Pensemos en lo que ocurre en la primavera de 1972. En marzo, bajo una columna de alta tensión de Segrate (cerca de Milán), moría Giangiacomo Feltrinelli. ¿Era posible que una figura así de la inteligencia de la izquierda se dedicara al sabotaje? De repente, hubo quién hablo de la puesta en escena orquestada por la CIA. Para cientos de mentes cortas, para ciertos corazones marchitos, era inconcebible que el conocido editor milanés fuera el comandante Osvaldo.

Pocos meses después, en mayo, ocurrió el homicidio del comisario Calabresi. Un acto magnífico, ejemplar, pero cuya responsabilidad muchos buscan en otra parte. Habrán sido los servicios, habrán sido los fascistas… pero definitivamente no habrán sido compañerxs. Y, ¿por qué no? ¿Por qué no pudieron haber tomado un arma unxs pocxs compañerxs y haber esperado al comisario Ventana en su domicilio, públicamente conocido, por otro lado? Esta hipótesis no se podía tener ni siquiera en consideración porque habría indicado el fin de esa espera sobre la que prospera la política. Si un solo individuo puede actuar aquí y ahora, entonces, ¿para qué sirven las asambleas y los comités centrales? ¿Y, para qué sirven los finos intelectuales autoproclamados consejeros del príncipe proletariado, como al situacionista Guy Debord que a finales de los años 70 no paró de cubrirse de ridículo denunciando el secuestro de Moro y a todas las Brigadas Rojas como obra de los servicios secretos? Para tener una idea de la radicalidad de esta idea, basta tener en cuenta que el autor de La sociedad del espectáculo no hizo otra cosa que repetir lo que afirmaba en el momento el propio Partido Comunista Italiano.

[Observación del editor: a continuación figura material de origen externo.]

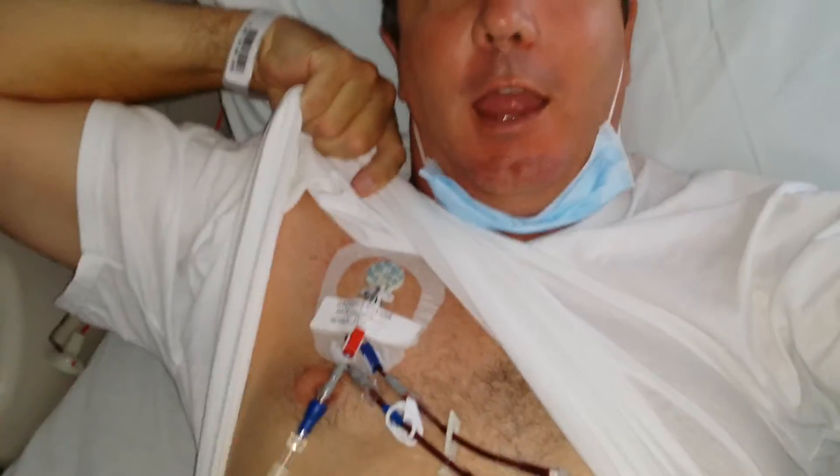It doesn't hurt at all, and hopefully we will get all of my stem cells today. We're aiming for 5 million, and not sure if we'll get them all today or not. If not, then I'll have to come back tomorrow and do another round. I won't find out until about 7 or 7:30 tonight whether they reached their goal in one day or not.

Pero se pone peor. Esta conspiranoia reproduce línea a línea la “tesis de Bazzi” difundida, desgraciadamente, también entre lxs subversivxs de los años 20. Carlo Bazzi era un periodista que atribuía los atentados en cadena contra las jerarquías fascistas al propio Mussolini, que según él quería provocar el terror en el interior y la guerra en el exterior. Según Bazzi, la imposibilidad de encontrar material explosivo, la inexistencia de subversivxs libres, el espacio vigilado… era todo pruebas probadas de que detrás de los atentados anarquistas, estaba Mussolini y, por lo tanto, los distintos Lucetti, Zamboni, Bonomini eran solo “provocadores”. Solo que Carlo Bazzi no era un estalinista en lucha con un movimiento incomprensible para él; era un fascista más o menos fiel al régimen. Atribuía a Mussolini la responsabilidad de aquellos atentados únicamente para esparcir veneno y sembrar la sospecha entre lxs subversivxs, empujando así a la resignación y la inacción.

Ahora, esta pésima costumbre de ver en todas partes la cola del lobo no murió con los años 70, sino que aún hoy persiste. Como demuestran las sospechas pasadas y recientes sobre los sabotajes realizado en Val Susa, siempre hay algún astuto estratega a la búsqueda de popularidad que no soporta la iniciativa individual. Pero por fortuna, siempre hay algún individuo que no soporta la dependencia colectiva.